(Task prompt) Print the lines from the one containing "2009 Toyota Yaris" through the end of the material below, both included, exactly as they appear and without pictures.

Start of Source data

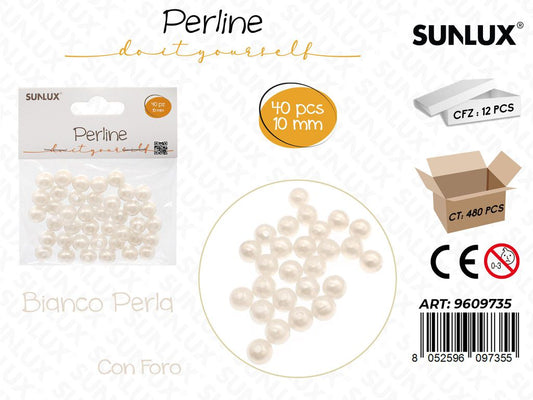 Sunlux Perline Bia. Perla c/ Foro 40PCS 10MM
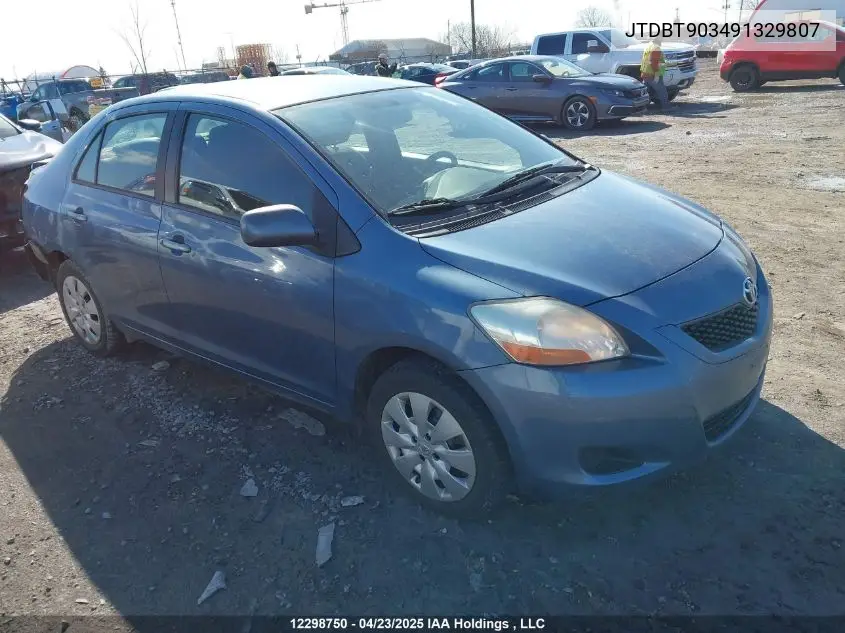 2009 Toyota Yaris VIN: JTDBT903491329807 Lot: 12298750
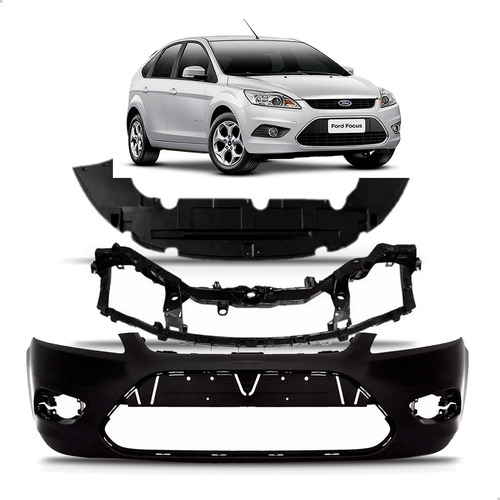 Kit Envolvente E Painel Frontal Focus 2009 + Defletor Preto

End of Source data

(Output of the task)
 2009 Toyota Yaris VIN: JTDBT903491329807 Lot: 12298750
 Kit Envolvente E Painel Frontal Focus 2009 + Defletor Preto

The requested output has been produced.